Infatti «troppi oggi contribuiscono al turbamento generale, a una certa confusione, a un clima di reciproca delegittimazione» (e fra questi «troppi» c’è evidentemente anche la magistratura, vista «l’ingente mole di strumenti di indagine» della quale «qualcuno si chiede a cosa sia dovuta»). E allora è vero che bisogna superare «in modo rapido e definitivo» la fase «convulsa» di «debolezza etica» e di «fibrillazione politica e istituzionale». E’ vero che bisogna «fare chiarezza in modo sollecito e pacato, e nelle sedi appropriate». Ma è vero soprattutto che bisogna «dare ascolto alla voce del Paese, che chiede di essere accompagnato con lungimiranza ed efficacia, senza avventurismi, a cominciare dal fronte dell’etica della vita, della famiglia, della solidarietà e del lavoro». E qui anche l’occhio meno smaliziato vede dove va a parare la diagnosi sullo stato morale della nazione: la presa di distanza da Berlusconi apre immediatamente a un’unità nazionale a baricentro centrista e sotto le insegne cattoliche. Casini? Tremonti? Non importano i nomi, basta la chiarezza perentoria sui programmi. Vita, famiglia, solidarietà, lavoro: nel corso della prolusione non mancano le specificazioni necessarie. Sulla vita, una botta contro i tentativi di «ridimensionare l’obiezione di coscienza sui temi di alta rilevanza etica». Sulla famiglia - rigorosamente fondata «sul matrimonio fra uomo e donna» e «senza ossessivi cedimenti al ’soggetto singolare’ » - che viene riproposta come base del rilancio economico e della politica fiscale. Sul lavoro, in un lungo capitolo dedicato ai giovani e volto a ribadire «l’irrinunciabile mandato educativo» della Chiesa, a fianco - o al centro - della scuola e della società..

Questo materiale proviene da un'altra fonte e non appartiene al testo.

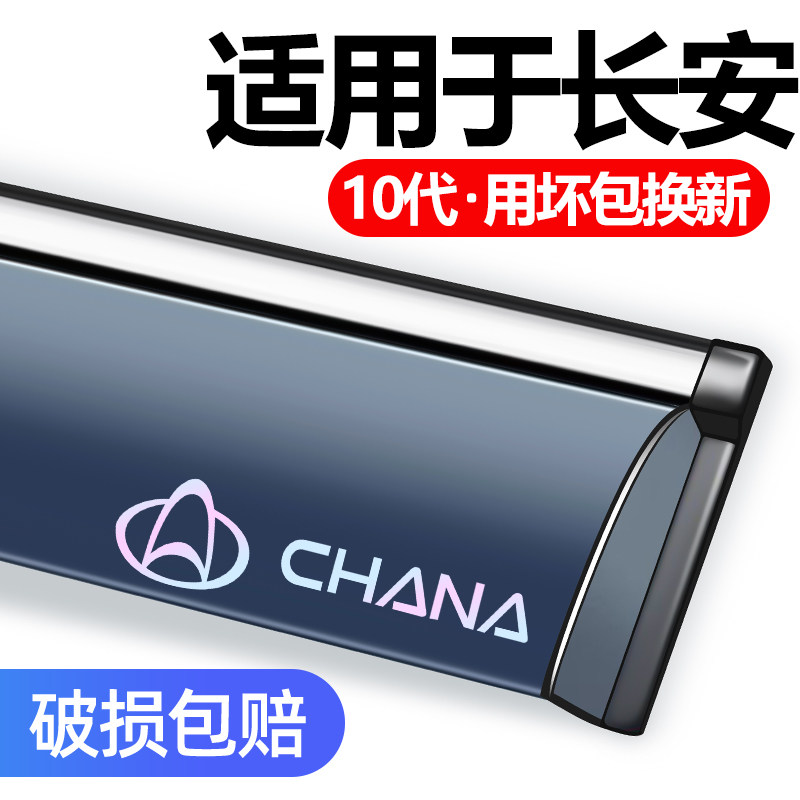 适用长安cx70欧诺st20专用皮卡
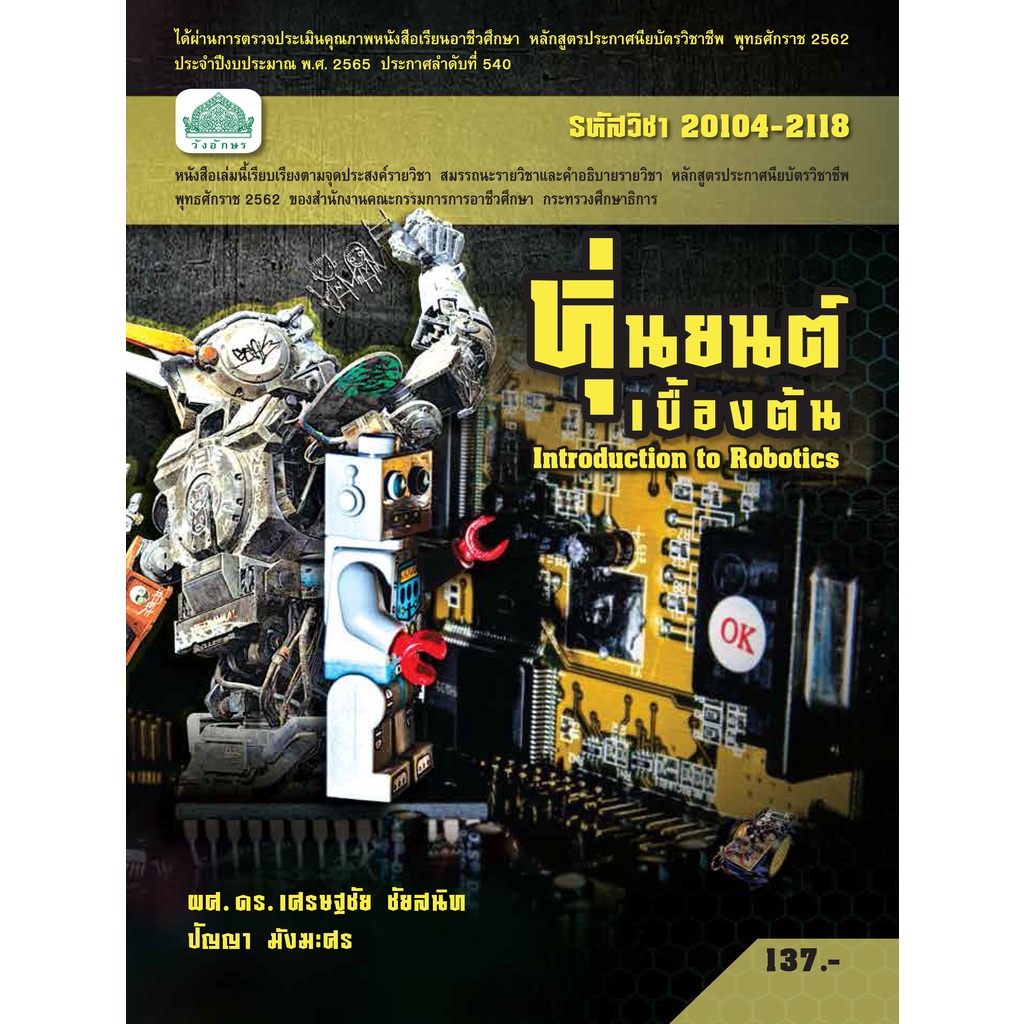 หนังสือเรียนวิชา หุ่นยนต์เบื้องต้น 20104-2118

Certo, non mancano a Bagnasco argomenti del tutto condivisibili contro l’etica dominante: primo fra tutti il richiamo a una struttura relazionale della soggettività e del patto sociale, contro l’ipertrofia dell’io e l’egoismo consumista. O la distinzione cruciale fra libertà e arbitrio, contro l’equivalenza berlusconiana fra libertà e diritto di fare quel che si vuole in casa propria. Ola bacchettata contro «una rappresentazione fasulla dell’esistenza, volta a perseguire un successo basato sull’artificisoità, la scalata furba, il guadagno facile, l’ostentazione e il mercimonio di sé». Che qui stiano le radici del «disastro antropologico» che ci minaccia non c’è dubbio. Che in questo disastro una Chiesa sempre più angosciata dalla decristianizzazione (cui è dedicata tutta la prima parte della prolusione) punti a uscire riguadagnando l’antico primato non solo morale ma anche politico è altrettanto certo. Dopo le parole di Bagnasco è questa la posta in gioco che si aggiunge alle altre.